**DATA UNDER STUDY**.
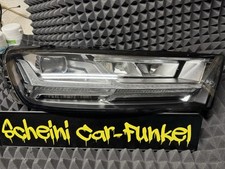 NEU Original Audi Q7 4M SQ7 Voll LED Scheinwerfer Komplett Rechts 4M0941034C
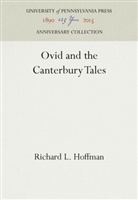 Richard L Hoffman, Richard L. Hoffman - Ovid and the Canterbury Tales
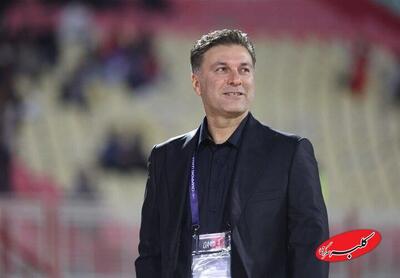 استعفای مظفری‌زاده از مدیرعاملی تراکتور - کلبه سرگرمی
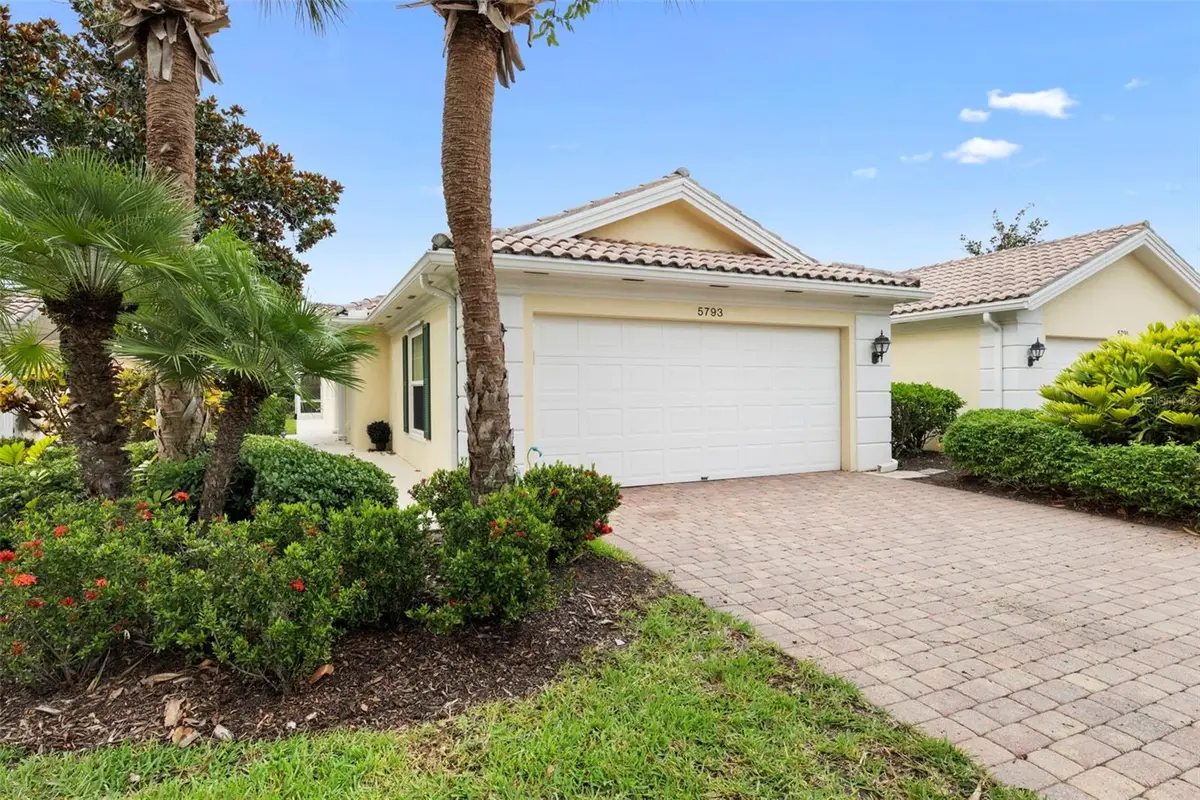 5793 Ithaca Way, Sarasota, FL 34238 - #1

==

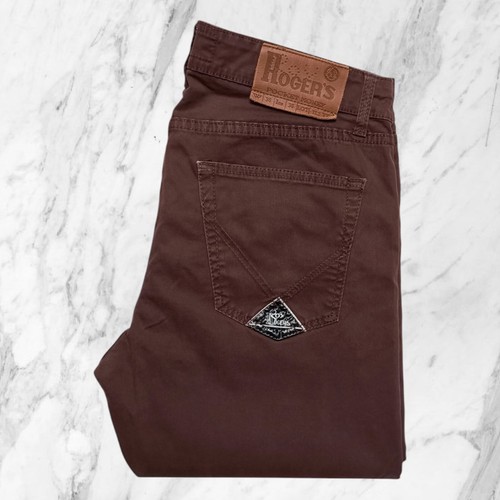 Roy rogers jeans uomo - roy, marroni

---

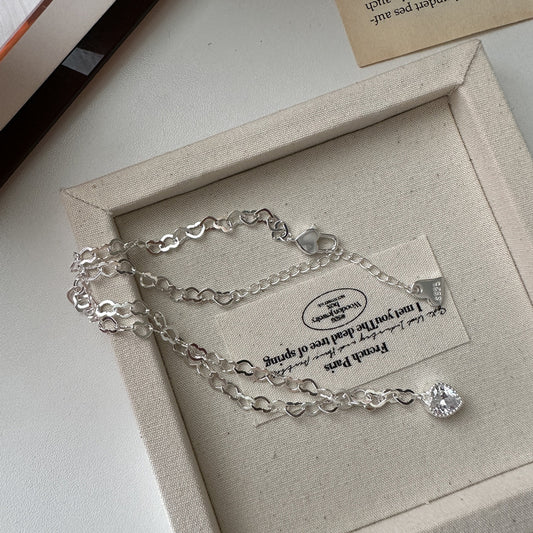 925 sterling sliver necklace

**AIM OF THE EXERCISE**. Copy word for word the lines above, starting at the line containing "NEU Original Audi" and ending at the line containing "5793 Ithaca Way, Sarasota, FL 34238 - #1", inclusive, with no pictures.

**YOUR SOLUTION**.
 NEU Original Audi Q7 4M SQ7 Voll LED Scheinwerfer Komplett Rechts 4M0941034C
 Richard L Hoffman, Richard L. Hoffman - Ovid and the Canterbury Tales
 استعفای مظفری‌زاده از مدیرعاملی تراکتور - کلبه سرگرمی
 5793 Ithaca Way, Sarasota, FL 34238 - #1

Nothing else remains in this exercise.